Parkinson’s disease is caused by the progressive dysfunction and death of dopaminergic neurons, the nerve cells responsible for producing dopamine, a key signaling molecule involved in motor control, resulting in the disease’s motor symptoms.

Studies suggest that the loss of these neurons triggers additional changes in other brain regions involved in motor control, such as changes in the activity of PT5B neurons in the primary motor cortex and the emergence of a type of brain waves called beta oscillations. These are rhythmic brain waves, similar to steady pulses, that help coordinate thinking, movement, and attention. However, in Parkinson’s, they become exaggerated and overly synchronized, actively suppressing the ability to initiate or execute new movements.

In the study, researchers from the Aligning Science Across Parkinson’s (ASAP) Collaborative Research Network used the Expanse supercomputer, provided by the U.S. National Science Foundation’s ACCESS program at UC San Diego, to predict how changes in PT5B neuronal activity affect beta oscillations in the motor cortex. Specifically, they utilized NEURO/NetPyNE, a software framework designed to build, simulate, and analyze detailed models of brain circuits, to implement computer simulations of PT5B neurons based on data from a mouse model of Parkinson’s.

“To create a faithful model of Parkinson’s disease in the brain, we started with data from rodent models and fed it into sophisticated simulations powered by Expanse,” said Doherty, who is also a researcher with ASAP.

The simulation provided a high-definition view of how the motor cortex organizes its electrical signals, comparing the brain at both resting and active movement conditions in healthy control mice and in the Parkinson’s model. In the resting state, activity was dominated by steady, slower beta waves, in which the key PT5B neurons fired in a carefully coordinated pattern alongside other local cells.

In contrast, when the brain shifted to the movement state, the system underwent a rapid reorganization: the PT5B neurons increased their firing rate and changed their pattern.
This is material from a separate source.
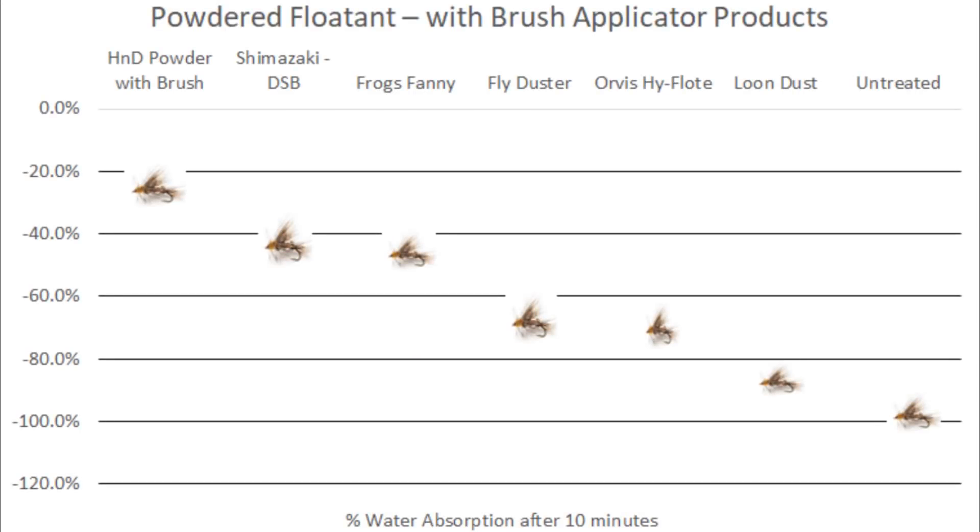Another unique application for powdered floatants with the applicator brush is to add additional action and motion to wet fly or nymph patterns. Here we have a Guide's Choice Hare's Ear with a soft hackle wrap around the shank of the hook. We can give this fly additional life, bounce, and movement in the water by brushing some dry fly floatant into that wet hackle. As it goes down the river it's going to be encased in bubbles, adding realistic motion to this nymph and seducing the attention and aggression of those trout. Here's a comparison of all the different powder floatants available — choose whatever is available in your area.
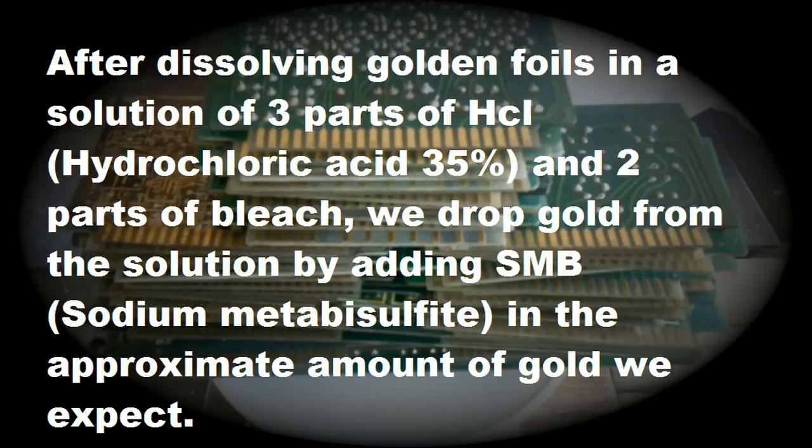Okay guys, after we collect all the foils from our boards, we do some acid and bleach — dissolve the gold — and now we start to filter. You see that? We got this metal. Okay, now we drop our second drop. And now we wait till the gold settles down. We got a nice drop here. We got a nice drop.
Simultaneously, many local coordinating neurons effectively shut down their activity, and the entire neuronal network replaced the slow beta rhythms with very fast gamma oscillations, which signal intense, active processing to execute motor commands.

A short circuit in the cortex

The simulation revealed a significant electrical “short circuit” in the motor cortex of the Parkinson’s model compared with the healthy brain. In the Parkinson’s model, when the brain was at rest, the disease-associated beta waves were found to be slower and marked by continuous, high-power rhythmic bursts. Importantly, PT5B neurons became dysfunctional: while their overall firing rate was higher, their signaling became less flexible and repetitive.

These firing patterns persisted even when the brain shifted to the movement state, demonstrating that the motor cortex is less adaptable and overly synchronous in the Parkinson’s model, contributing to motor symptoms.

“These simulations revealed how reduced activity in PT5B neurons — located in the primary motor cortex — disrupts communication across the entire brain network.” Doherty said. “What’s remarkable is that when these neurons stop working properly, they create a bottleneck that affects the whole motor system.”